4

I'm trying to introduce LightGBM for text multiclassification. 2 columns in pandas dataframe, where 'category' and 'contents' are set as follows.

Dataframe:

    contents               category  
1   this is example1...    A  
2   this is example2...    B  
3   this is example3...    C  

*Actual data frame consists of approx 600 rows and 2 columns.

Hereby I'm trying to classify text into 3 categories as follows.

Codes:

import pandas as pd
import numpy as np

from nltk.corpus import stopwords
stopwords1 = set(stopwords.words('english'))

from sklearn.feature_extraction.text import CountVectorizer, TfidfTransformer, TfidfVectorizer 
from sklearn.metrics import accuracy_score
from sklearn.model_selection import train_test_split, cross_val_score, GridSearchCV

import lightgbm as lgbm
from lightgbm import LGBMClassifier, LGBMRegressor


#--main code--#  
X_train, X_test, Y_train, Y_test = train_test_split(df['contents'], df['category'], random_state = 0, test_size=0.3, shuffle=True)

count_vect = CountVectorizer(ngram_range=(1,2), stop_words=stopwords1)
X_train_counts = count_vect.fit_transform(X_train)

tfidf_transformer = TfidfTransformer(use_idf=True, smooth_idf=True, norm='l2', sublinear_tf=True)
X_train_tfidf = tfidf_transformer.fit_transform(X_train_counts)

lgbm_train = lgbm.Dataset(X_train_tfidf, Y_train)
lgbm_eval = lgbm.Dataset(count_vect.transform(X_test), Y_test, reference=lgbm_train)

params = {
    'boosting_type':'gbdt',
    'objective':'multiclass',
    'learning_rate': 0.02,
    'num_class': 3,
    'early_stopping': 100,
    'num_iteration': 2000, 
    'num_leaves': 31,
    'is_enable_sparse': 'true',
    'tree_learner': 'data',
    'max_depth': 4, 
    'n_estimators': 50  
    }

clf_gbm = lgbm.train(params, valid_sets=lgbm_eval)
predicted_LGBM = clf_gbm.predict(count_vect.transform(X_test))

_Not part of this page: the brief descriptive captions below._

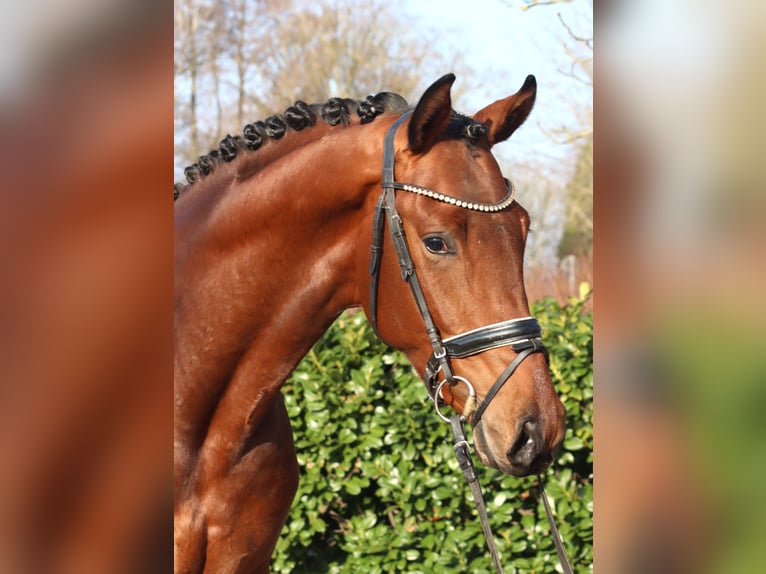 Hannoveraner Hengst 3 Jahre 170 cm Brauner in Selsingen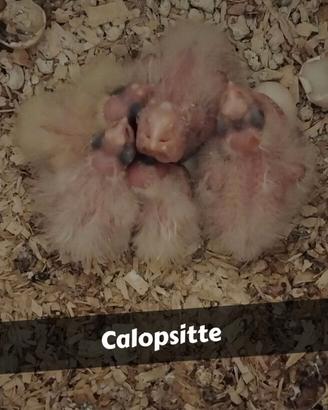 Calopsitte pulli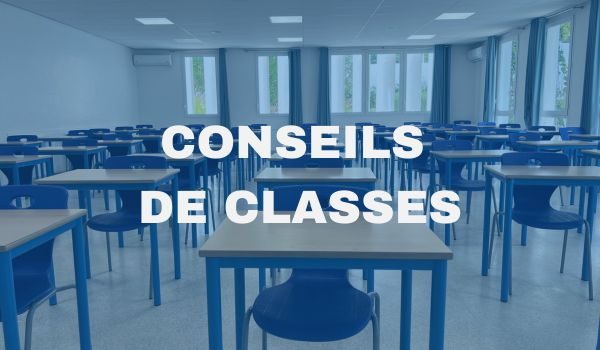 MINIATURE SITE CONSEILS DE CLASSE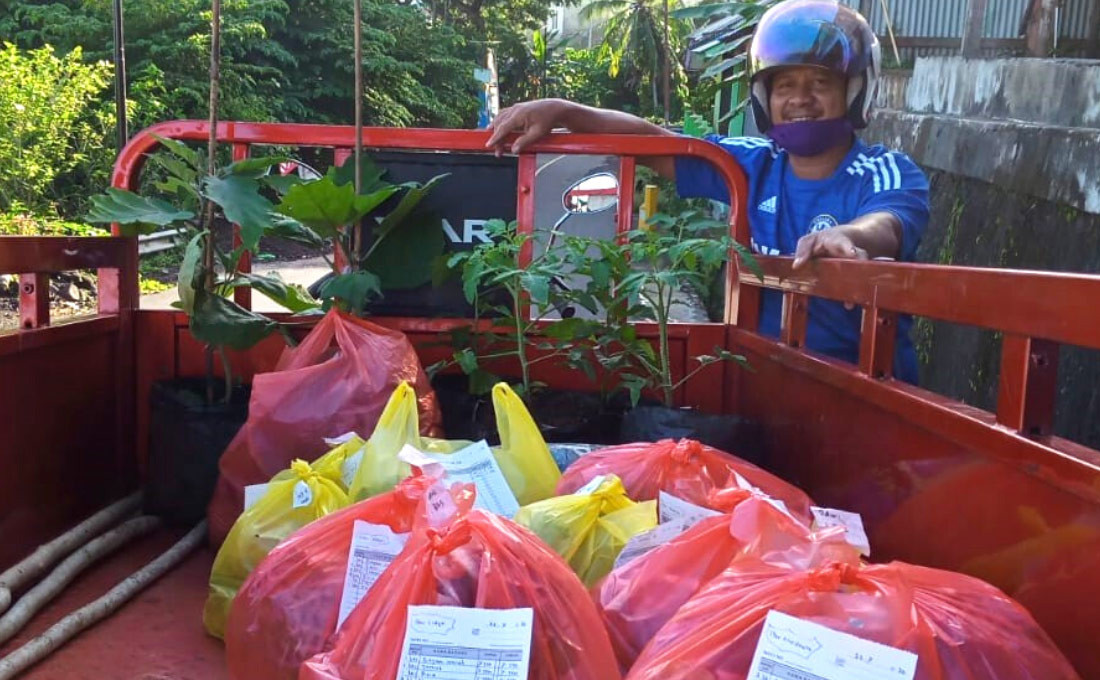 The Benefit of Planting Organic Vegetables During the Pandemic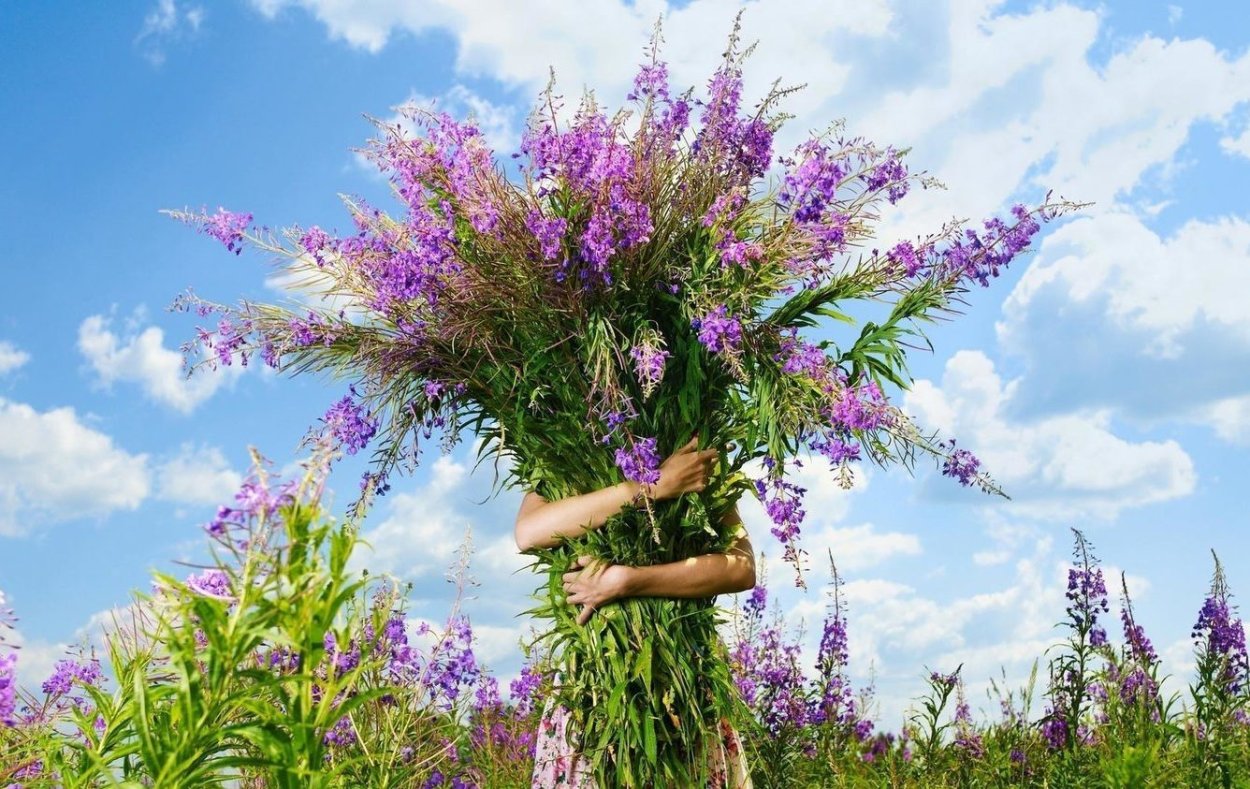 Обои на рабочий стол цветы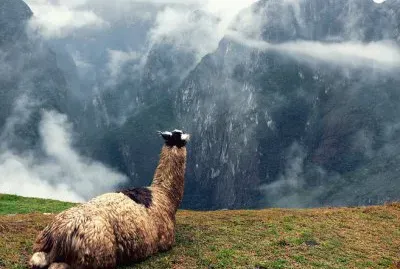 ALPACA jigsaw puzzle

print(accuracy_score(Y_test, predicted_LGBM))

Then I got an error as:

ValueError: could not convert string to float: 'b'  

I also convert 'category' column ['a', 'b', 'c'] to int as [0, 1, 2] but got an error as

TypeError: Expected np.float32 or np.float64, met type(int64).

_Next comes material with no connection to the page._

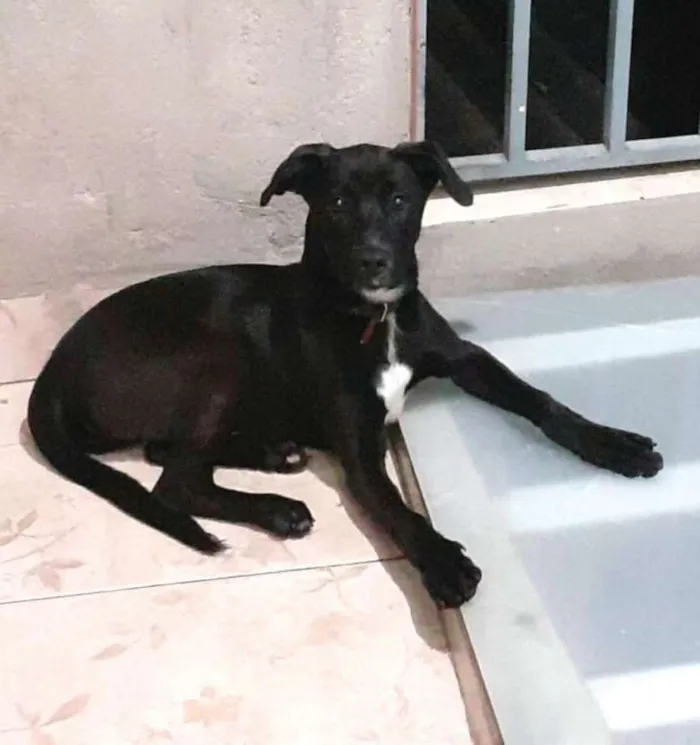 Cachorro ra a  idade 1 ano nome Milla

What's wrong with my code?
Any advice / suggestions will be greatly appreciated.
Thanks in advance.

SY9
  • 165
  • 2
  • 11
  • Curios. Why use a classifier built for categorical data when the features are sparse and non categorical?? – Isbister Nov 27 '18 at 23:07
  • @Isbister This code is for classification with the one-hot vector of extracted thousands of sentences so the data is sparse. In one-hot vector made by Scikit-learn CountVect is numerical since CV counts words in the sentence and put them to the vector. I think this is a bit classical but typical way for the text classification. – SY9 Dec 03 '18 at 01:52

1 Answers1

5

I managed to deal with this issue. Very simple but noted here for reference.

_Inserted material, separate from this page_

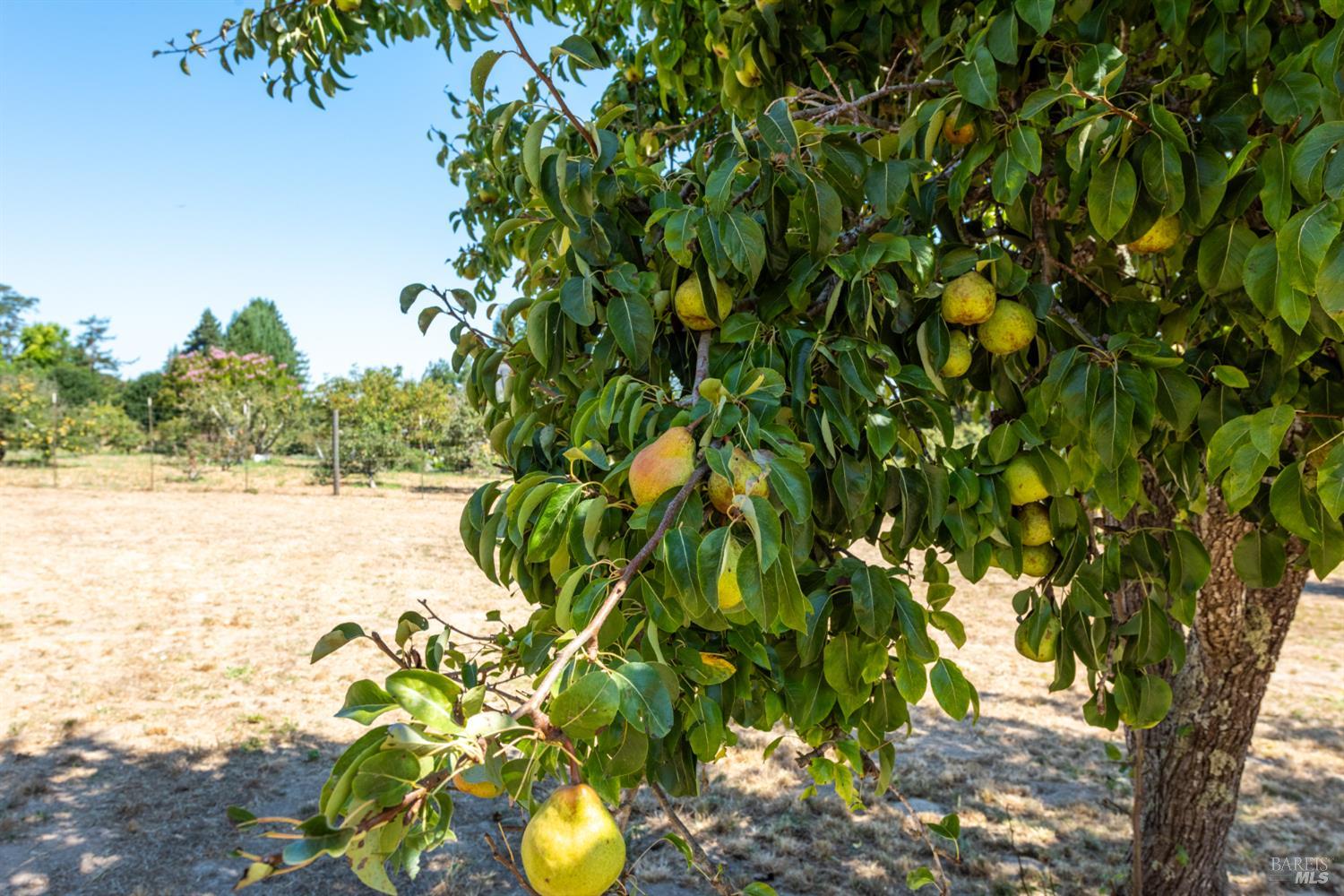 5140 Blank Road Sebastopol CA 95472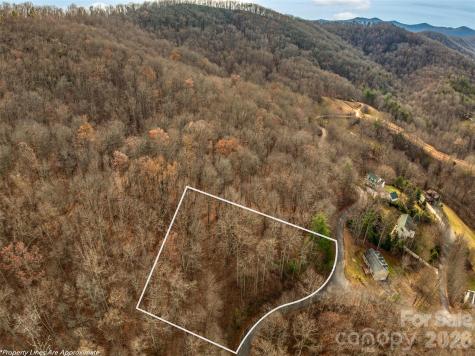75 S Lindon Cove Road Candler NC 28715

Since LightGBM expects float32/64 for input, so 'categories' should be number, rather than str. And input data should be converted to float32/64 using .astype().

Changes1:
added following 4 lines after X_train_tfidf = tfidf_transformer.fit_transform(X_train_counts)

 X_train_tfidf = X_train_tfidf.astype('float32')
 X_test_counts = X_test_counts.astype('float32')   
 Y_train = Y_train.astype('float32')
 Y_test = Y_test.astype('float32')

changes2:
just convert 'category' column
from [A, B, C, ...] to [0.0, 1.0, 2.0, ...]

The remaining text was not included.